Понятие «гражданин» пришло в Россию обогащенным новым содержанием первым русским революционером А. Н. Радищевым, человеком, который провел резкую черту между понятиями подлинного и ложного гражданина России.

— Варвар! Недостоин ты носить имя гражданина, — гневно обращался он к русскому помещику, угнетателю крестьян, основному столпу крепостного права.

Наступало великое время. Его молодые представители уже почувствовали историческую потребность наполнить новым содержанием понятие «гражданин России». Они вырабатывают свои принципы чести, свое понятие доблести, свое понимание патриотизма.

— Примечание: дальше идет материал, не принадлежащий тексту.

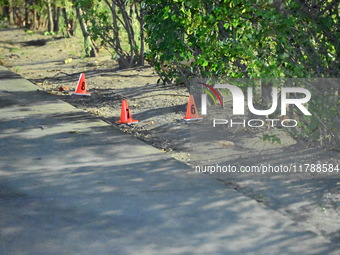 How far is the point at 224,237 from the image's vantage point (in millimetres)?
5703

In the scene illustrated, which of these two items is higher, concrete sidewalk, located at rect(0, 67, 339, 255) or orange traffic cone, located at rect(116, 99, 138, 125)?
orange traffic cone, located at rect(116, 99, 138, 125)

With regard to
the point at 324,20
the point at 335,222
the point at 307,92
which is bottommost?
the point at 335,222

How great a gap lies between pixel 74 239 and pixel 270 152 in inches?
139

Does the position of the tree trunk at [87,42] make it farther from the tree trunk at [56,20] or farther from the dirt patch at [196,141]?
the tree trunk at [56,20]

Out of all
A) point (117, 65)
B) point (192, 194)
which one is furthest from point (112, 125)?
point (117, 65)

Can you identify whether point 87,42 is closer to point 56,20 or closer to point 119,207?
point 56,20

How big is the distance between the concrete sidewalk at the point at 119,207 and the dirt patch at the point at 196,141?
0.26 metres

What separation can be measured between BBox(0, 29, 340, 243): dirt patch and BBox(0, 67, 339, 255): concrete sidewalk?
26 cm

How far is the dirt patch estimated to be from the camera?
6594 mm

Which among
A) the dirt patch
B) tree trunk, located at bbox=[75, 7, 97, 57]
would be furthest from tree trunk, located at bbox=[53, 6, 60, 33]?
the dirt patch

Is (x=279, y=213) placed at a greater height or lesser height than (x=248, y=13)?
lesser

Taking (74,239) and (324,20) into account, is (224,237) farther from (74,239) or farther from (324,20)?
(324,20)

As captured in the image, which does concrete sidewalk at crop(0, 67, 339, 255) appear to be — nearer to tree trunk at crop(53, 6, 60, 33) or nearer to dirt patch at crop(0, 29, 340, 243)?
dirt patch at crop(0, 29, 340, 243)

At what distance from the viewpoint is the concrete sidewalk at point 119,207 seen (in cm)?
554
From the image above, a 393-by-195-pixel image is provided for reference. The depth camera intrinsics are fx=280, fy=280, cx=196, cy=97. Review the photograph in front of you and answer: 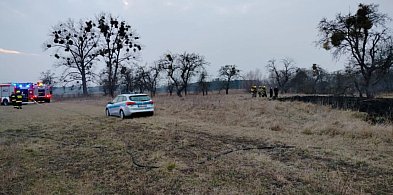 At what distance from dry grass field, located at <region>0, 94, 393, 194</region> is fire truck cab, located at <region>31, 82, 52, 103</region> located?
3006 cm

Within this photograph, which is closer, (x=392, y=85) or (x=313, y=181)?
(x=313, y=181)

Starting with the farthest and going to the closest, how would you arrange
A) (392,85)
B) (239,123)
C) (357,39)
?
(392,85)
(357,39)
(239,123)

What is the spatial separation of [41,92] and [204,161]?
3812 centimetres

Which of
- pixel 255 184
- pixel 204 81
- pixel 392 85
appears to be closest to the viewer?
pixel 255 184

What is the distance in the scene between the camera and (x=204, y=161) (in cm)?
583

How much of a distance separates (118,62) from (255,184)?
4272cm

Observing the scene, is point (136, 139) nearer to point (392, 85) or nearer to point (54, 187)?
point (54, 187)

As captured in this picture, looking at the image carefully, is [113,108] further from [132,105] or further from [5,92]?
[5,92]

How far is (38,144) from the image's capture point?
26.8 feet

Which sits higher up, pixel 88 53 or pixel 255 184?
pixel 88 53

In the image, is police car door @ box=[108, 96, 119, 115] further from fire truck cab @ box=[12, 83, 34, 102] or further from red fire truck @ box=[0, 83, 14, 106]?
red fire truck @ box=[0, 83, 14, 106]

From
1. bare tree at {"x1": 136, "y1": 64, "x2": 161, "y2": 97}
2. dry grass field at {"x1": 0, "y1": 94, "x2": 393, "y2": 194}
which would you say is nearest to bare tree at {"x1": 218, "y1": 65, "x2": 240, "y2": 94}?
bare tree at {"x1": 136, "y1": 64, "x2": 161, "y2": 97}

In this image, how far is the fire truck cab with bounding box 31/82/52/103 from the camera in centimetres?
3659

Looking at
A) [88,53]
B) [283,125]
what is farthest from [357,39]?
[88,53] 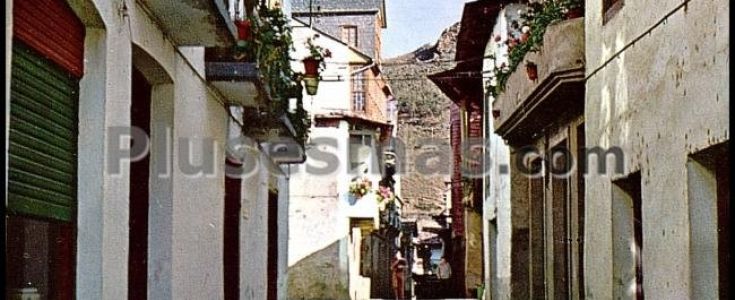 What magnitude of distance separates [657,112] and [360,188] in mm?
23083

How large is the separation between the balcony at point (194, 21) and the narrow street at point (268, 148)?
0.03 metres

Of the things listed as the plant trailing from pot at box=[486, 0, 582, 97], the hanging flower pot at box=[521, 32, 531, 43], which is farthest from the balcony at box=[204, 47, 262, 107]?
the hanging flower pot at box=[521, 32, 531, 43]

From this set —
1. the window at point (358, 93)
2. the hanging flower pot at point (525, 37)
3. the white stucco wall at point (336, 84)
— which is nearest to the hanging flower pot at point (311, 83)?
the hanging flower pot at point (525, 37)

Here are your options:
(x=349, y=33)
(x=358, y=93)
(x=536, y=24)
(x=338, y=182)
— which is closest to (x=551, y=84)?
(x=536, y=24)

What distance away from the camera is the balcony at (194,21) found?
799 cm

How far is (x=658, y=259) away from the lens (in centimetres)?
819

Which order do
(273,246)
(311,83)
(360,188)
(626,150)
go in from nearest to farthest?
(626,150) → (311,83) → (273,246) → (360,188)

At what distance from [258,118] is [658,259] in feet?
20.8

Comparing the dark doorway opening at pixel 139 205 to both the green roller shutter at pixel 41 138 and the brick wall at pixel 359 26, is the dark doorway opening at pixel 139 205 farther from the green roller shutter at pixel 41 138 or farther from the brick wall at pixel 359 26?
the brick wall at pixel 359 26

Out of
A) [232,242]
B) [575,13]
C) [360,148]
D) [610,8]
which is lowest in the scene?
[232,242]

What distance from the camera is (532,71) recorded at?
1206 centimetres

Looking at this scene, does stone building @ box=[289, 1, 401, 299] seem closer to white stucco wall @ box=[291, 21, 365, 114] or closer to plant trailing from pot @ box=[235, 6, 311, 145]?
white stucco wall @ box=[291, 21, 365, 114]

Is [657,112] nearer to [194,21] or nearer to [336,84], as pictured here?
[194,21]

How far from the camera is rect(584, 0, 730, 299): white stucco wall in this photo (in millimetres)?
6691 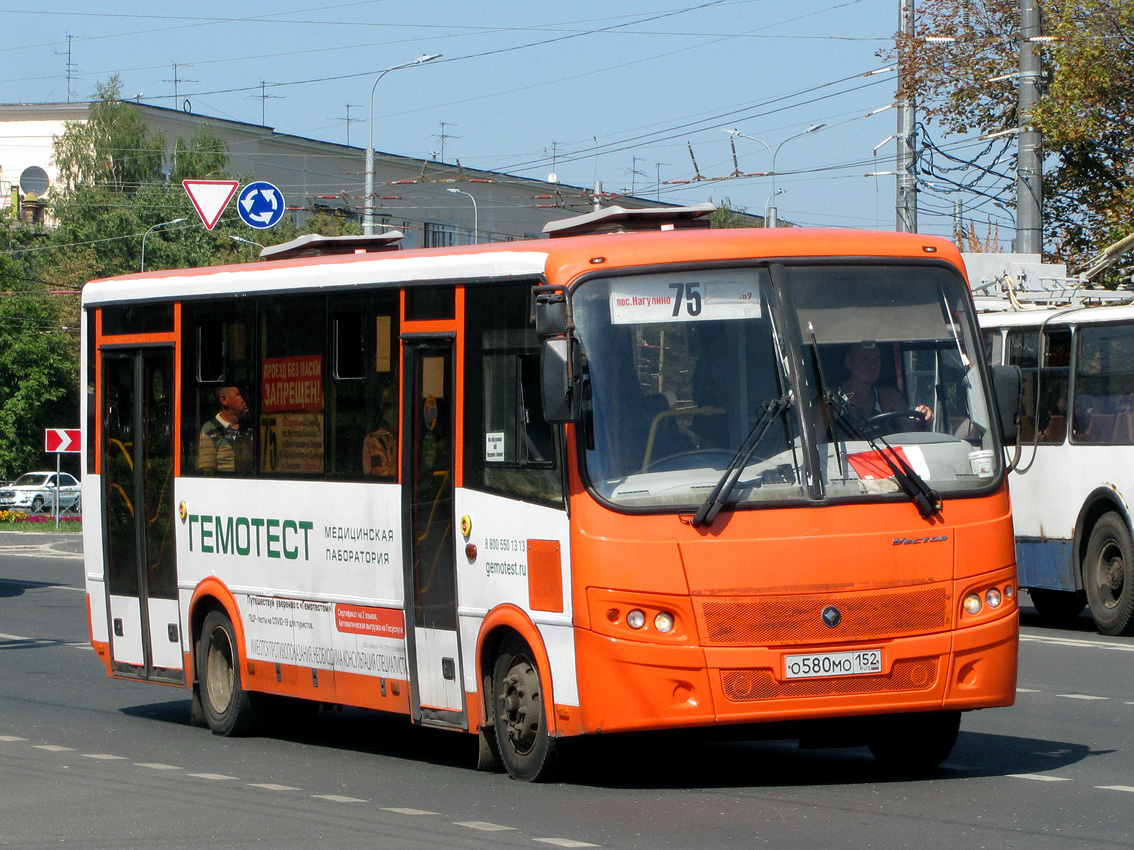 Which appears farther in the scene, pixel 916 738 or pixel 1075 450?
pixel 1075 450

Словно два мира, чуждых и враждебных один другому, различно воспринимавших установившиеся некогда понятия, «молодые» противостоят «старым», «отцы» — «детям». Между ними пролегает глубокая пропасть.

— Мы отдалились от них на целых сто лет! — говорил в этой связи декабрист Иван Якушкин.

Совсем по-другому Понимала свое место в жизни и мире «молодая» Россия.

«Знаки почтения и титулы не всегда являются признаками чести», — писал князь Иван Щербатов, друг декабристов.

Своеобразным подтверждением этих слов явилась война против Наполеона. В июньские дни 1812 года французская армия перешла Неман. Под развевающиеся боевые знамена России дворяне могли встать только добровольно. Но для них, аристократов, это было патриотическим долгом.

Юноша Никита Муравьев с военной картой в кармане сбежал из дома, чтобы присоединиться к армии. Его схватили, связали, приняв за шпиона. Но в штабе быстро разобрались, что этот мальчик — сын воспитателя императора Михаила Никитича Муравьева. Его отправляют обратно домой с письмом к матери Екатерине Муравьевой, в котором ее благодарили, что воспитала такого смелого и решительного сына.

Но по-разному вели себя дворяне. Генерал А. Кологривов, например, вернулся в армию лишь 2 октября 1812 года — после Бородинской битвы, после того, как Москва целый месяц находилась в руках французов! Служба э армии, как и возвращение к активной военной деятельности, для дворян в то время были делом сугубо личным.

С мечом в руках встать на защиту Отечества быд0 делом проявления активного патриотизма, делом чести каждого будущего декабриста.

«В то трудное и сложное время, — писал Иван Якушкин, — каждый из нас во многом вырос».

Будущие декабристы были первыми, дали пример самоотверженного служения отечеству. И не только на поле брани. Иван Якушкин решил освободить своих крепостных. В связи с этим он обратился с письмом к правительству, но ему отказали.